# Analysis of DeepClusterV2 results

This notebook analyzes the results of the DeepClusterV2 (DCv2) algorithm.

The result of DCv2 is a sequence of labels that reflect cluster assignments.
Since we make use of timeseries weather data, theses assignments reflect large-scale weather regimes (LSWRs).

The goal is to analyze the statistics of each LSWR, i.e. 

* Abundance, i.e. how often it occurs
* Duration of occurrence

#### Main results

![Cluster embeddings projected into 2-D space using t-SNE](./plots/dcv2-30-clusters-2d.png)

![Cluster time series](./plots/dcv2-30-clusters-time-series.png)

![Cluster durations](./plots/dcv2-30-clusters-duration.png)

* Mean duration of LSWRs varies from 1 day to 2 days.
* Some LSWRs show a large variance in duration.
* Most LSWRs have a standard deviation of ~ 12 hours.
* LSWR 3 and 25 never occur longer than 1 day.


In [None]:
%load_ext autoreload
%autoreload 2

In [None]:
import pathlib
from typing import Iterator

import datetime
import re

import torch
import yaml
import matplotlib as mpl
import openTSNE
import xarray as xr
import pandas as pd
import matplotlib.pyplot as plt

import a6

COLORS = {
    -1: "#000000",
    0: "#FFFF00",
    1: "#1CE6FF",
    2: "#FF34FF",
    3: "#FF4A46",
    4: "#008941",
    5: "#006FA6",
    6: "#A30059",
    7: "#FFDBE5",
    8: "#7A4900",
    9: "#0000A6",
    10: "#63FFAC",
    11: "#B79762",
    12: "#004D43",
    13: "#8FB0FF",
    14: "#997D87",
    15: "#5A0007",
    16: "#809693",
    17: "#FEFFE6",
    18: "#1B4400",
    19: "#4FC601",
    20: "#3B5DFF",
    21: "#4A3B53",
    22: "#FF2F80",
    23: "#61615A",
    24: "#BA0900",
    25: "#6B7900",
    26: "#00C2A0",
    27: "#FFAA92",
    28: "#FF90C9",
    29: "#B903AA",
    30: "#D16100",
    31: "#DDEFFF",
    32: "#000035",
    33: "#7B4F4B",
    34: "#A1C299",
    35: "#300018",
    36: "#0AA6D8",
    37: "#013349",
    38: "#00846F",
}

## Load data for a specific epoch

Loads 

* Centroid positions in embedding space
* Indexes of the samples that were used as centroids in that epoch
* Cluster assignments
* Indexes of the data samples in the dataset
* Distances of the samples to the cluster centroids in embedding space

In [None]:
path = pathlib.Path("/home/fabian/data/8080567")
epoch = 1199


def _load_tensor_file(name, epoch: int | None = None):
    epoch = "" if epoch is None else f"epoch-{epoch}-"
    return torch.load(
        path / f"tensors/{epoch}{name}", map_location=torch.device("cpu")
    )


centroids = _load_tensor_file("centroids.pt", epoch=epoch)
centroid_indexes = _load_tensor_file("centroid-indexes.pt", epoch=epoch)
assignments = _load_tensor_file("assignments.pt", epoch=epoch)
embeddings = _load_tensor_file("embeddings.pt", epoch=epoch)
indexes = _load_tensor_file("indexes.pt", epoch=epoch)
distances = _load_tensor_file("distances.pt", epoch=epoch)
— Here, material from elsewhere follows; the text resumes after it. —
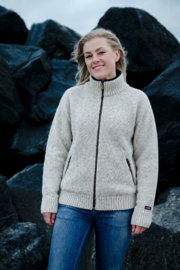 Norwool Noors Vest  - 100% pure nieuwe scheerwol - ecru gemêleerd (uniseks)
with open(path / "image-samples.yaml") as f:
    sample_indexes = yaml.safe_load(f)

## Order centroid indexes

Order the centroid indexes to allow using them for indexing.

In [None]:
# unique orders the tensor
centroid_indexes = centroid_indexes.unique()

## How many samples are unassigned?

When training on multiple GPUs, it might happen that some samples don't get processed and remain unassigned. 

> _Note:_ Controlled by `config.DATA.TRAIN.DROP_LAST`. If `True`, each GPU processes `floor(n_samples / n_gpus)` samples.

In [None]:
def get_number_of_unassigend_samples(labels: torch.Tensor) -> int:
    unassigned_sample_indexes = (labels == -1).nonzero(as_tuple=True)[0]
    n_unassigned_samples = len(unassigned_sample_indexes)
    return n_unassigned_samples


get_number_of_unassigend_samples(assignments)

## Get the index of the crops used for the last iteration

DCv2 alternates the crops used for K-means clustering at each iteration. Hence, the embeddings saved to disk will be non-zero only at the index of the crop index.

E.g. if `n_crops=3` is used, and K-means is run 4 times, the index of the crops used for the last iteration will be 1.
(First iteration, `i_crops=0`, second iteration `i_crops=1`, and so forth).

In [None]:
def get_index_of_crop(embs: torch.Tensor) -> int:
    for i in range(embs.shape[0]):
        # The embeddings are all zeros, except for the
        # index of the crops used for the last iteration.
        if torch.count_nonzero(embs[i]) > 0:
            return i
    raise ValueError("All embeddings are zero: %s", embs)


# j defines the index of the crops used for the last iteration.
j = get_index_of_crop(embeddings[-1])
j

## Use t-SNE to project the sample positions from embedding space to 2D

In [None]:
def _fit_tsne(
    embeddings: torch.Tensor, centroids_: torch.Tensor
) -> Iterator[tuple[tuple[float, float], tuple[float, float]]]:
    result = openTSNE.TSNE().fit(embeddings.cpu())
    return zip(*result), zip(*result[centroids_])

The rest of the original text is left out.